§ **Records drawn from a dataset**:

= Beginning of Section =

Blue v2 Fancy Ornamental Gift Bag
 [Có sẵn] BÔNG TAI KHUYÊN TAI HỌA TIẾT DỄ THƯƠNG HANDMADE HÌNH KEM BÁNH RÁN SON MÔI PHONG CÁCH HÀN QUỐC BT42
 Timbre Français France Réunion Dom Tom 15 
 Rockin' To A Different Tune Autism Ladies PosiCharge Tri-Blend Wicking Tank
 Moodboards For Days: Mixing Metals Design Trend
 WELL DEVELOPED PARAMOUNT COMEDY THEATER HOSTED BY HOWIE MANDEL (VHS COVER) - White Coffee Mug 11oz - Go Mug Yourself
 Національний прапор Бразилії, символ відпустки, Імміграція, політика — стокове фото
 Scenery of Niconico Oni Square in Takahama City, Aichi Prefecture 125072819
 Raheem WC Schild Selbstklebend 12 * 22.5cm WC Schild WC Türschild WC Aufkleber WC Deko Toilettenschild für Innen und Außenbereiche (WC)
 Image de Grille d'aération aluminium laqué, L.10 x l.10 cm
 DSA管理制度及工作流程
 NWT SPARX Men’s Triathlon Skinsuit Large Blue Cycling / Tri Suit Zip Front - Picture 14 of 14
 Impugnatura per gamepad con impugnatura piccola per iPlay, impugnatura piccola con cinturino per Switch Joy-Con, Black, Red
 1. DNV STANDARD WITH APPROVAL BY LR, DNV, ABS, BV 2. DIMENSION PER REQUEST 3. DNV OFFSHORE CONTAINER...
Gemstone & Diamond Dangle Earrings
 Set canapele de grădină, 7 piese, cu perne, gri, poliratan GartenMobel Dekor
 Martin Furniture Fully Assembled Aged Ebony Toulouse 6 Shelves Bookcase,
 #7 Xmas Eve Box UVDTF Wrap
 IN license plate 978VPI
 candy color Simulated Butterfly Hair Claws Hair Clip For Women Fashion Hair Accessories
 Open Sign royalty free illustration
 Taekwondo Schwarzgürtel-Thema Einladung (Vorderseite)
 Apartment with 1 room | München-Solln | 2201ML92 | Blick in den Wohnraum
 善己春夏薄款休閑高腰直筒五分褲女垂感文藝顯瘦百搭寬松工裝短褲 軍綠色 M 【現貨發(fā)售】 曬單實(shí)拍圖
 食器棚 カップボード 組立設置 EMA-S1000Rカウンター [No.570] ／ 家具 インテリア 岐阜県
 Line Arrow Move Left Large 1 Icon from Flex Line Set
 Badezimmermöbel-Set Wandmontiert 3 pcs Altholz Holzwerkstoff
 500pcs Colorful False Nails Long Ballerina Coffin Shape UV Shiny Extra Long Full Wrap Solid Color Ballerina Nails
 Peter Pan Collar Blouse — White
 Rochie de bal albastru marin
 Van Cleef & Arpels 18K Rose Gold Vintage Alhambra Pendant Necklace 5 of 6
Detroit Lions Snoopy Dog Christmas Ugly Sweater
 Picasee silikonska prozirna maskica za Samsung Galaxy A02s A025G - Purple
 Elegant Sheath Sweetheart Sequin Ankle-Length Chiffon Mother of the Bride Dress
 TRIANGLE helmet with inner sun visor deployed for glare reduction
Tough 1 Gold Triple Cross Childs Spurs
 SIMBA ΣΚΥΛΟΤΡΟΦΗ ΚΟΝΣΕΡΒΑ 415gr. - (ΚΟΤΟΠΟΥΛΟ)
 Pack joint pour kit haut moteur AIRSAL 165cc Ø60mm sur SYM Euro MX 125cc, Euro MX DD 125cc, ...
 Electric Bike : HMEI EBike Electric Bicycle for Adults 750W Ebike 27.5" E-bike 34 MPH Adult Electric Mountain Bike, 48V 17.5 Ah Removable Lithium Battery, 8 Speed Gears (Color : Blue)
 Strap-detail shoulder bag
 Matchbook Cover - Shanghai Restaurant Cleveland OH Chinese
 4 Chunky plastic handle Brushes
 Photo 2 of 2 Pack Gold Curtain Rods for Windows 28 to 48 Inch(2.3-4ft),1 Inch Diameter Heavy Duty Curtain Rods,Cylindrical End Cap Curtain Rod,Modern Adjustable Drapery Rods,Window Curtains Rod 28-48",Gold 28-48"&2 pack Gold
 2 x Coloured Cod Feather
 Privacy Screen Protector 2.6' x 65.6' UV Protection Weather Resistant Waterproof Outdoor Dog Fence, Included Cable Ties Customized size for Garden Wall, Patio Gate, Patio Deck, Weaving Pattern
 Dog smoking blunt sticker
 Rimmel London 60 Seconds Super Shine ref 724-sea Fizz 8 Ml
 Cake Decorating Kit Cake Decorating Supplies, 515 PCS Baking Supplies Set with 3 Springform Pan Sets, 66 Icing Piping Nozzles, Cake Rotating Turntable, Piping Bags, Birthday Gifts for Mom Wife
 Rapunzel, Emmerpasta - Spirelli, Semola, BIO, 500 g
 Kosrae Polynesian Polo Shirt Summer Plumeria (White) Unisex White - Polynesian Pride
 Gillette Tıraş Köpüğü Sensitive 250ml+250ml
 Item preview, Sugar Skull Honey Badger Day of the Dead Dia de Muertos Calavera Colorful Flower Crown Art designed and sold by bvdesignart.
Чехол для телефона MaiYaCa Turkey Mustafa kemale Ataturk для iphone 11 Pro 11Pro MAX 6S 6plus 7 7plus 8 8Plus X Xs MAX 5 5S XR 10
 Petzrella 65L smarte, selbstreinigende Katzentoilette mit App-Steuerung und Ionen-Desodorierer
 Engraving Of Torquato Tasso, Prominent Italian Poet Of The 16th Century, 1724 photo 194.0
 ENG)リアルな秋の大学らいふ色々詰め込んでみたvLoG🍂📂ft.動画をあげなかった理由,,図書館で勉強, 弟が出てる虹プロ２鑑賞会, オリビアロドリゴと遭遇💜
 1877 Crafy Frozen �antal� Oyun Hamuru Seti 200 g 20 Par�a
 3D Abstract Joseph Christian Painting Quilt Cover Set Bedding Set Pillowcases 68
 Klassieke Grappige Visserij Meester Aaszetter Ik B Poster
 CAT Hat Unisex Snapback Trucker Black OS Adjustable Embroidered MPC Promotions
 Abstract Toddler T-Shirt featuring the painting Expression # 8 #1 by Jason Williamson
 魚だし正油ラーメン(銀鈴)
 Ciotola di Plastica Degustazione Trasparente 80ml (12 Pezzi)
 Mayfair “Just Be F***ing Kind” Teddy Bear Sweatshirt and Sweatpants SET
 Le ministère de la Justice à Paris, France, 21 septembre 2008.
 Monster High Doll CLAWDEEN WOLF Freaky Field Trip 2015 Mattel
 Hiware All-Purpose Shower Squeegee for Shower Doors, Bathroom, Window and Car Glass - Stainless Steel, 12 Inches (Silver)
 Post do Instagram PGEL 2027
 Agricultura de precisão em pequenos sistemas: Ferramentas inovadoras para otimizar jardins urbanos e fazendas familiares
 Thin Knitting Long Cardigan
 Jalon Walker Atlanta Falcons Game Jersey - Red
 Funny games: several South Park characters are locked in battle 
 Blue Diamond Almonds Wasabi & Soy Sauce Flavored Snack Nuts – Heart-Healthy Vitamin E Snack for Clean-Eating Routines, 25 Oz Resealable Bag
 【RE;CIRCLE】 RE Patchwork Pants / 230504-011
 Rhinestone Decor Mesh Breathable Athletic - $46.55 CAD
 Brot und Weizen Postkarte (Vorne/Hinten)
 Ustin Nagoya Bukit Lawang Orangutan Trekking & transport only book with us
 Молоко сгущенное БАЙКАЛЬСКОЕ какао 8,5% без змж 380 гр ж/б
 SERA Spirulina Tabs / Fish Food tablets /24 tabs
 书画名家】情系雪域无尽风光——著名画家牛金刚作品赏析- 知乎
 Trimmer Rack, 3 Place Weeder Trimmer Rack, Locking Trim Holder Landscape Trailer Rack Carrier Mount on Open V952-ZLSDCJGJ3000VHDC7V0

= End of Section =

§ **Directions for this task**:
Taking the entries above, print exactly the lines starting at the line with "[Có sẵn] BÔNG" and ending at the line with "WELL DEVELOPED PARAMOUNT", both included.

§ **Expected output**:
 [Có sẵn] BÔNG TAI KHUYÊN TAI HỌA TIẾT DỄ THƯƠNG HANDMADE HÌNH KEM BÁNH RÁN SON MÔI PHONG CÁCH HÀN QUỐC BT42
 Timbre Français France Réunion Dom Tom 15 
 Rockin' To A Different Tune Autism Ladies PosiCharge Tri-Blend Wicking Tank
 Moodboards For Days: Mixing Metals Design Trend
 WELL DEVELOPED PARAMOUNT COMEDY THEATER HOSTED BY HOWIE MANDEL (VHS COVER) - White Coffee Mug 11oz - Go Mug Yourself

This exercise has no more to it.